---------- Data listing

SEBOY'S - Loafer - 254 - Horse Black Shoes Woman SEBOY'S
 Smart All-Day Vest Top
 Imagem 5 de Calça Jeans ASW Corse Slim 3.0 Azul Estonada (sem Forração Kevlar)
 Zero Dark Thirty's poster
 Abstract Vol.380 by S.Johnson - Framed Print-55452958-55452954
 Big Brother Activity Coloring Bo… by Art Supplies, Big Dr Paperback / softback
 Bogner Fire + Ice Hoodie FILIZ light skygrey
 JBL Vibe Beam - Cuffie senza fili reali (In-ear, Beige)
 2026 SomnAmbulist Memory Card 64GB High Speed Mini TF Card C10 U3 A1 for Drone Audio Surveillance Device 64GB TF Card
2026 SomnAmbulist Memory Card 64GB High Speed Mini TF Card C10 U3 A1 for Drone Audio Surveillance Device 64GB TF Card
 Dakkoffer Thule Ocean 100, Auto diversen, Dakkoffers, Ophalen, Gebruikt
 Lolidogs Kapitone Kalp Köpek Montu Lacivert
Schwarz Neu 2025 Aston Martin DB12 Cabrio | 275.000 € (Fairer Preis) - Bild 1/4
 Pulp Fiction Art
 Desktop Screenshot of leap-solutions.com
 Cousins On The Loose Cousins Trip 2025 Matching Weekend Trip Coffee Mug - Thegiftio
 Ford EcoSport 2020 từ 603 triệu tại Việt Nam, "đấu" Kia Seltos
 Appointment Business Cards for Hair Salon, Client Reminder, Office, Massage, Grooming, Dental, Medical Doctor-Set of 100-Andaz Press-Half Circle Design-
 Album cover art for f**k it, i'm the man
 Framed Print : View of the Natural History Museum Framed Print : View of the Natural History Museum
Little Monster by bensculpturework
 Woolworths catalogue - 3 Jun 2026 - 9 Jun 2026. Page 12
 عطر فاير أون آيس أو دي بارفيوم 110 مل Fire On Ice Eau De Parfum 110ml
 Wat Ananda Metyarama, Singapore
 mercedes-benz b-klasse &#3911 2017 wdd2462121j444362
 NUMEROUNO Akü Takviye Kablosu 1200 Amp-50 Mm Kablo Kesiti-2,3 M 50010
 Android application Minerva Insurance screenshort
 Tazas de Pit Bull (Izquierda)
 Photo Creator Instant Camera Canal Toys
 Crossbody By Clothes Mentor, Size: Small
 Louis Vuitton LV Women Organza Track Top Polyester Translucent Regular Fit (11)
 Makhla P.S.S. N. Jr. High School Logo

--------------------

◆ **Description of the task**: The response must hold only the lines above from the line with "Album cover art for f**k it, i'm the man" through the line with "Louis Vuitton LV", each copied exactly, both ends kept.

◆ **Completed exercise**:
 Album cover art for f**k it, i'm the man
 Framed Print : View of the Natural History Museum Framed Print : View of the Natural History Museum
Little Monster by bensculpturework
 Woolworths catalogue - 3 Jun 2026 - 9 Jun 2026. Page 12
 عطر فاير أون آيس أو دي بارفيوم 110 مل Fire On Ice Eau De Parfum 110ml
 Wat Ananda Metyarama, Singapore
 mercedes-benz b-klasse &#3911 2017 wdd2462121j444362
 NUMEROUNO Akü Takviye Kablosu 1200 Amp-50 Mm Kablo Kesiti-2,3 M 50010
 Android application Minerva Insurance screenshort
 Tazas de Pit Bull (Izquierda)
 Photo Creator Instant Camera Canal Toys
 Crossbody By Clothes Mentor, Size: Small
 Louis Vuitton LV Women Organza Track Top Polyester Translucent Regular Fit (11)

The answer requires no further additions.